2015-03-04 Thread longsan
I'm happy to hear that. It's good option for Solr + HDFS solution. This can
avoid much performance issues.



--
View this message in context: 
http://lucene.472066.n3.nabble.com/New-leader-replica-solution-for-HDFS-tp4188735p4191082.html
Sent from the Solr - User mailing list archive at Nabble.com.


Re: New leader/replica solution for HDFS

2015-02-26 Thread Joseph Obernberger

Great!  Thank you!

I had a 4 shard setup - no replicas.  Index size was 2.0TBytes stored in 
HDFS with each node having approximately 500G of index.  I added four 
more shards on four other machines as replicas.  One thing that happened 
was the 4 replicas all ran out of HDFS cache size
 (SnapPull failed: java.lang.RuntimeException: The max direct memory is 
likely too low.  Either increase it (by adding - 
XX:MaxDirectMemorySize=g -XX:+UseLargePages to your containers 
startup args) or disable direct allocation using 
solr.hdfs.blockcache.direct.memory.allocation=false in solrconfig.xml.  
If you are putting the block cache on the heap, your java heap size 
might not be large enough.  Failed allocating)


I was using 160 slabs (20GBytes iof RAM).  I dropped the config to 80 
slabs and restarted the replicas.  Two of the replicas came up OK, but 
the other 2 have stayed in 'Recovering'.  I stopped those two and 
restarted them - now I have 3 OK, but one is still in Recovering.


Given that each replica does indexing as well, I was expecting the 
amount of HDFS disk usage to double, but that has not happened. Once I 
get the last replica to come up, I'll run some tests.


-Joe

On 2/26/2015 10:45 AM, Mark Miller wrote:

I’ll be working on this at some point: 
https://issues.apache.org/jira/browse/SOLR-6237

- Mark

http://about.me/markrmiller


On Feb 25, 2015, at 2:12 AM, longsan  wrote:

We used HDFS as our Solr index storage and we really have a heavy update
load. We had met much problems with current leader/replica solution. There
is duplicate index computing on Replilca side. And the data sync between
leader/replica is always a problem.

As HDFS already provides data replication on data layer, could Solr provide
just service layer replication?

My thought is that the leader and the replica all bind to the same data
index directory. And the leader will build up index for new request, the
replica will just keep update the index version with the leader(such as a
soft commit periodically? ). If the leader lost then the replica will take
the duty immediately.

Thanks for any suggestion of this idea.







--
View this message in context: 
http://lucene.472066.n3.nabble.com/New-leader-replica-solution-for-HDFS-tp4188735.html
Sent from the Solr - User mailing list archive at Nabble.com.

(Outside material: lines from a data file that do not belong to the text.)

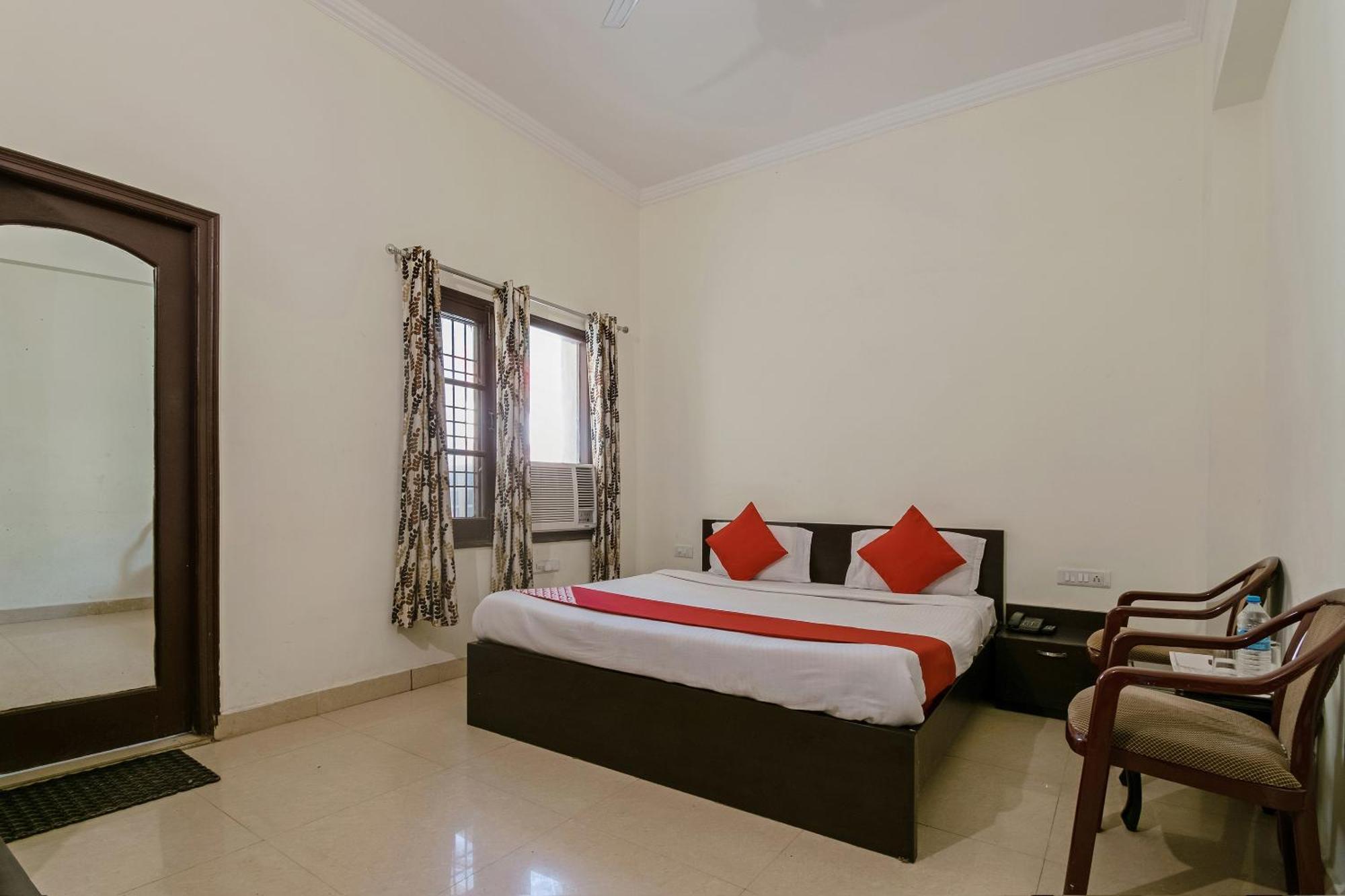 Oyo Hotel Triund Regency Katra  Eksteriør bilde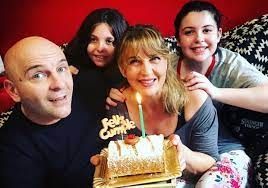 LOLA TUVO DOS HIJAS CON PUIG.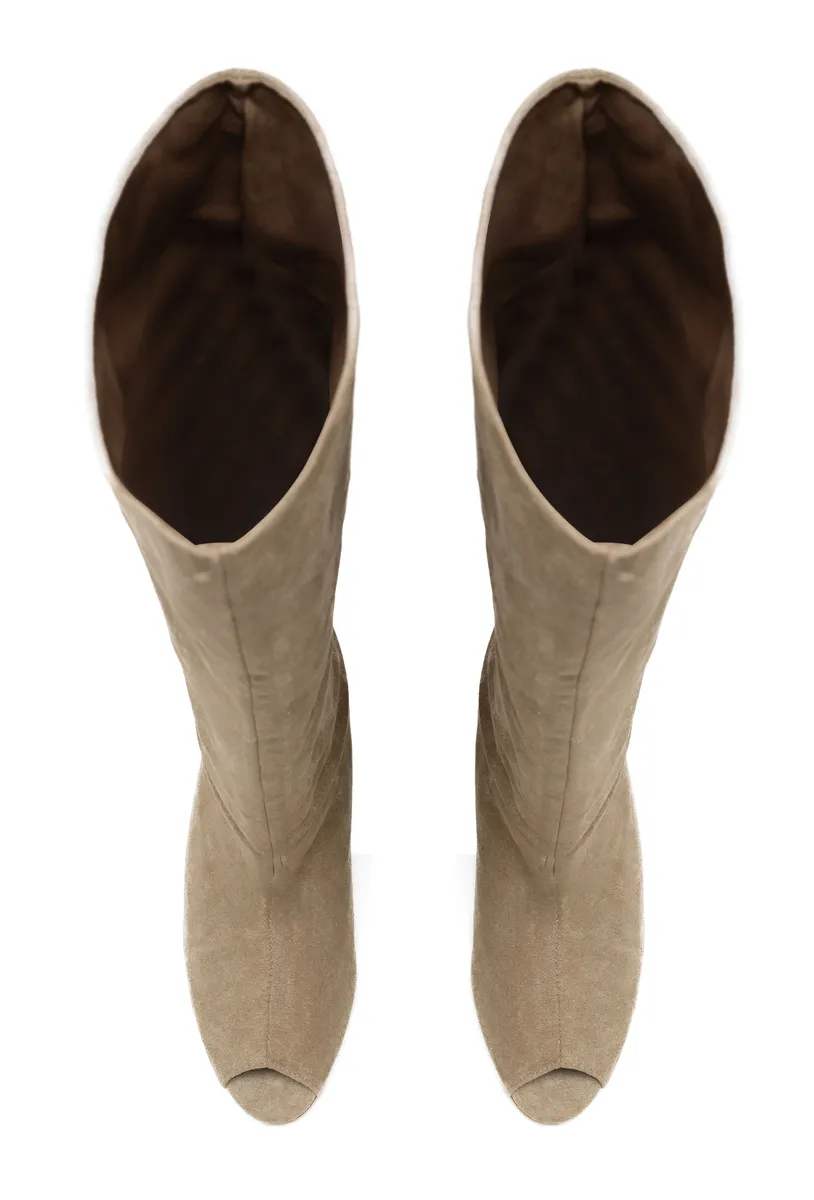 BEIGE photo 4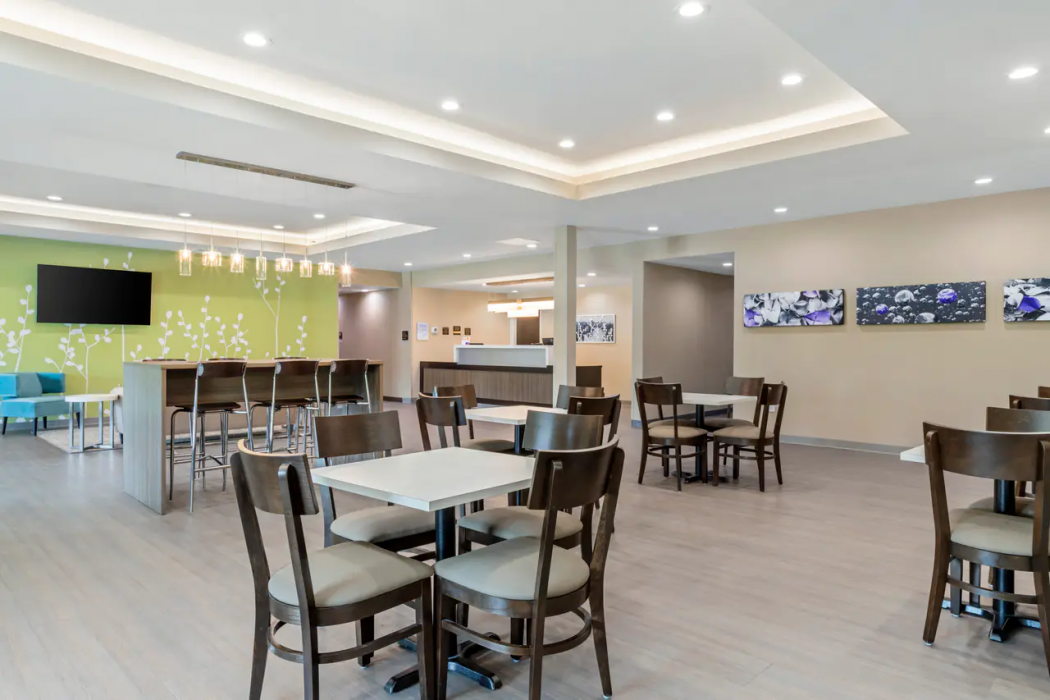 Sleep Inn & Suites Liberty TX 14/23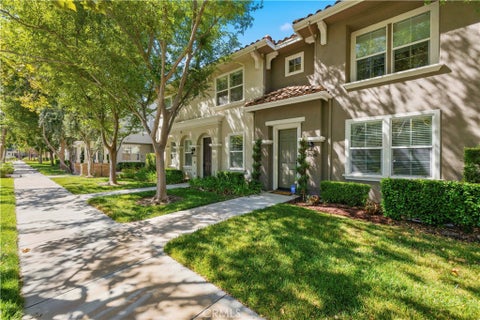 Photo of 24085 Avocado Lane, Valencia, CA 91354 (MLS # SR26161478)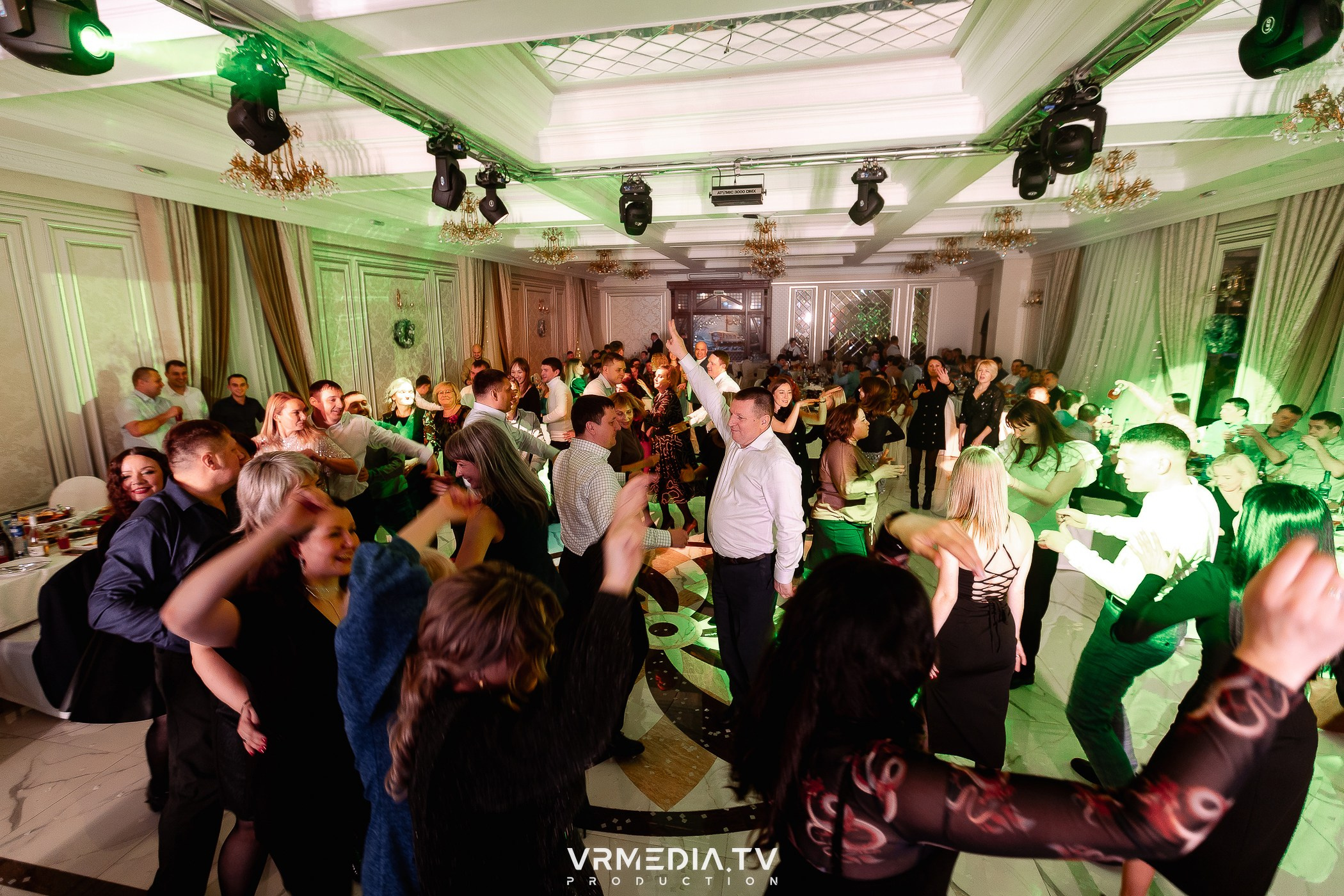 Новогодний вечер в ресторане «Лазурный Берег»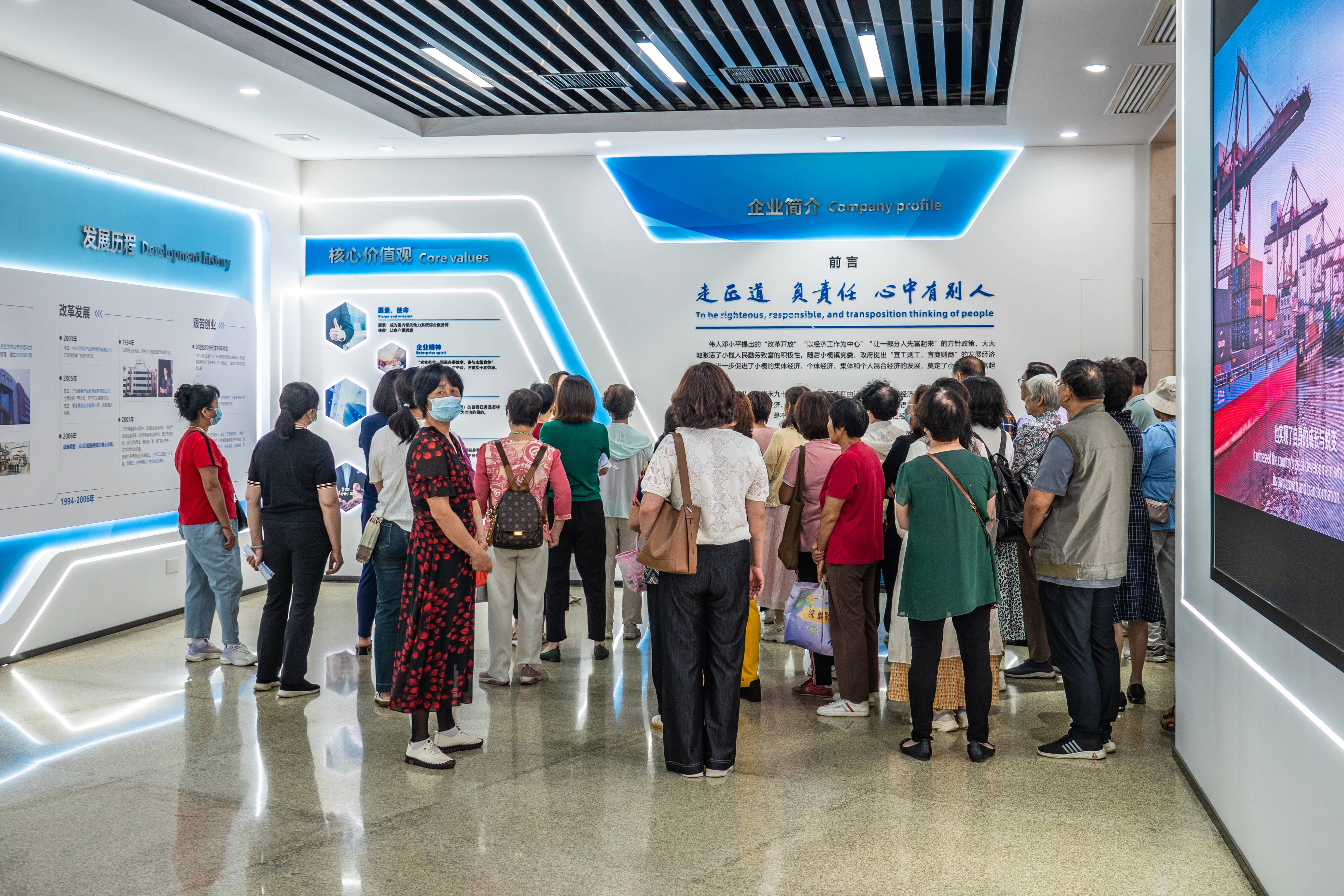 0f2abdaaeaf9a0489881d2060e393f7c-sz_1828745.jpg 1747880463536020904.jpg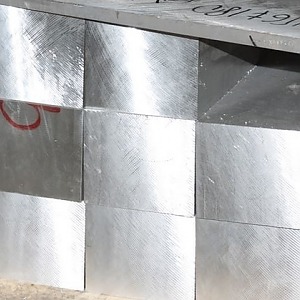 Квадрат алюминиевый 1915 ГОСТ 21488-97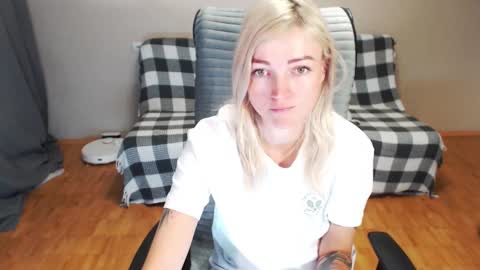 Snapshot of puma_ma chatting on 19, 11, 2025 Polly online show from 19, 11, 2025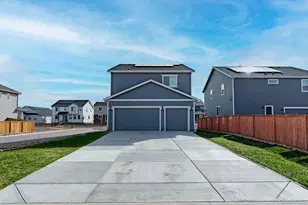 2901 Oxley St, Strasburg, CO 80136 - Photo 33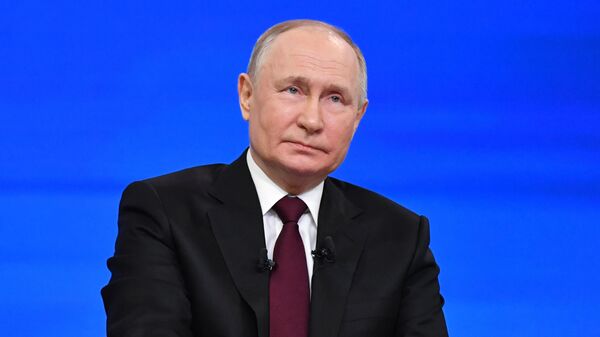 Прямая линия и большая пресс-конференция президента России Владимира Путина - Sputnik Литва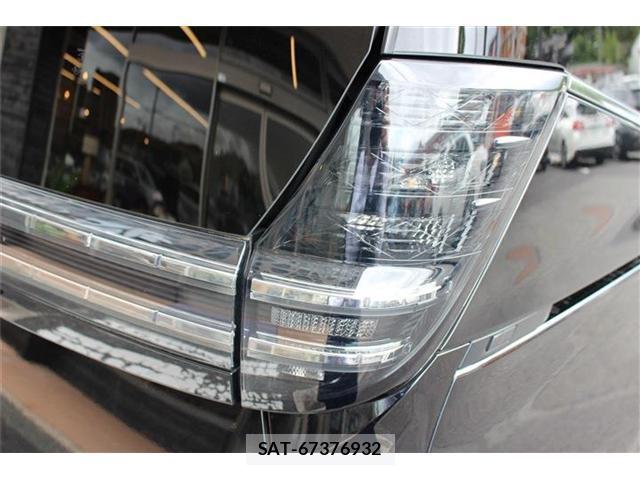 Toyota VOXY 2023-09 8768684-11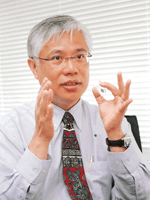《图一 罗建华:我们希望能让员工彼此之间的关系更融洽,人才是我们很重要的资产之一,如何透过管理的手段增进公司的凝聚力、向心力甚至竞争力,也是我们需要面对的一个课题。未来两年英飞凌将会持续加强对台湾的投资,我们也是台湾最大的单一外资公司,最重要的是,台湾已经成为英飞凌全球的知识中心之一。》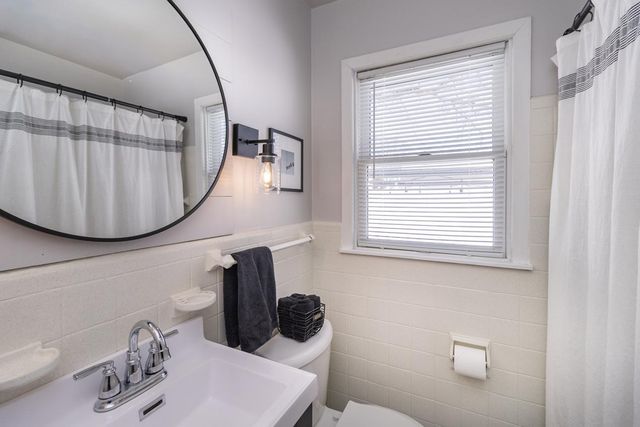 6737 Washburn Avenue S, Richfield, MN 55423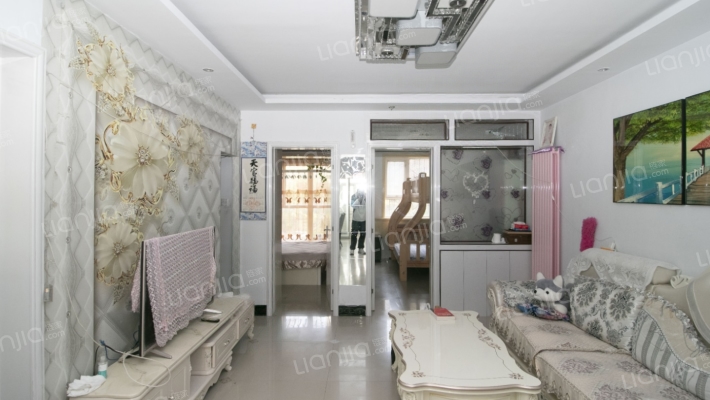 晶水花苑西区二手房实景图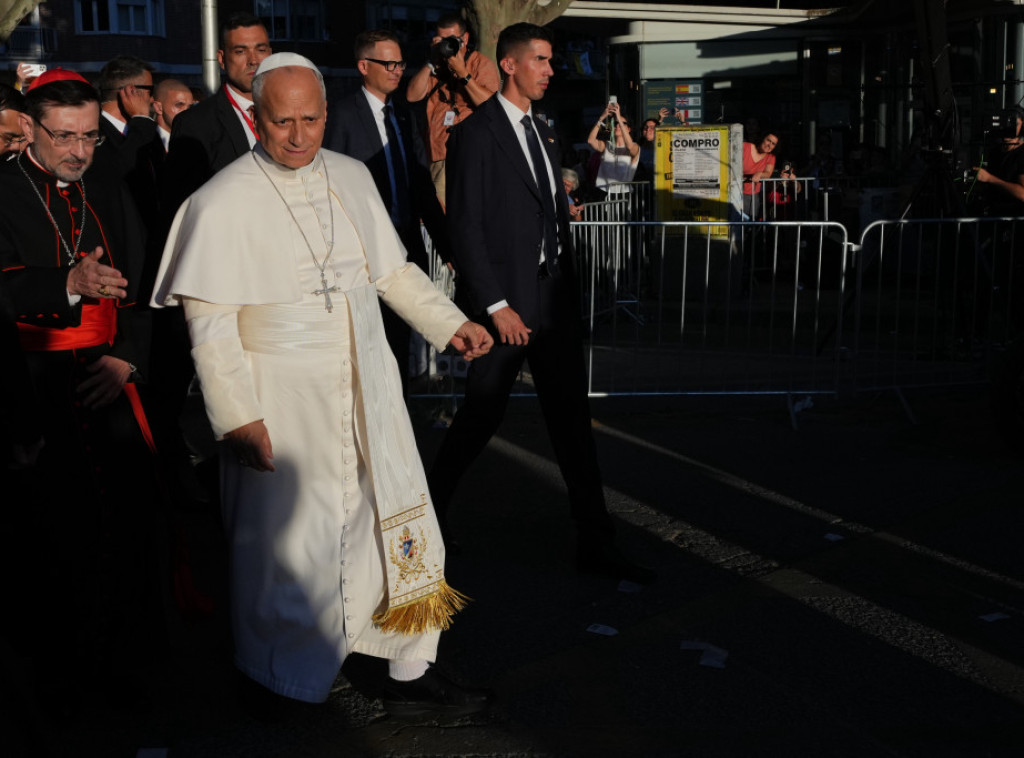 Papa Lav XVI sastao se sa španskim kraljem, posetio utočište za beskućnike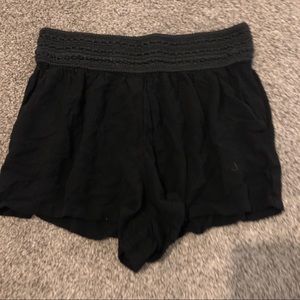 Joe B black flowy shorts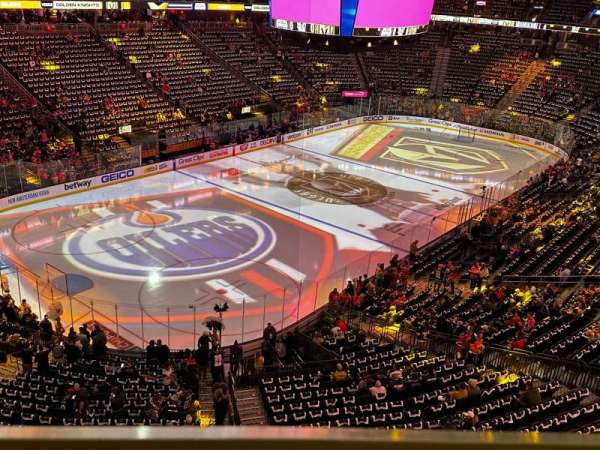 T-Mobile Arena, bloc: 218, rangée: A, place: 6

Re: New leader/replica solution for HDFS

2015-02-26 Thread Mark Miller
I’ll be working on this at some point: 
https://issues.apache.org/jira/browse/SOLR-6237

- Mark

http://about.me/markrmiller

> On Feb 25, 2015, at 2:12 AM, longsan  wrote:
> 
> We used HDFS as our Solr index storage and we really have a heavy update
> load. We had met much problems with current leader/replica solution. There
> is duplicate index computing on Replilca side. And the data sync between
> leader/replica is always a problem.
> 
> As HDFS already provides data replication on data layer, could Solr provide
> just service layer replication?
> 
> My thought is that the leader and the replica all bind to the same data
> index directory. And the leader will build up index for new request, the
> replica will just keep update the index version with the leader(such as a
> soft commit periodically? ). If the leader lost then the replica will take
> the duty immediately. 
> 
> Thanks for any suggestion of this idea.
> 
> 
> 
> 
> 
> 
> 
> --
> View this message in context: 
> http://lucene.472066.n3.nabble.com/New-leader-replica-solution-for-HDFS-tp4188735.html
> Sent from the Solr - User mailing list archive at Nabble.com.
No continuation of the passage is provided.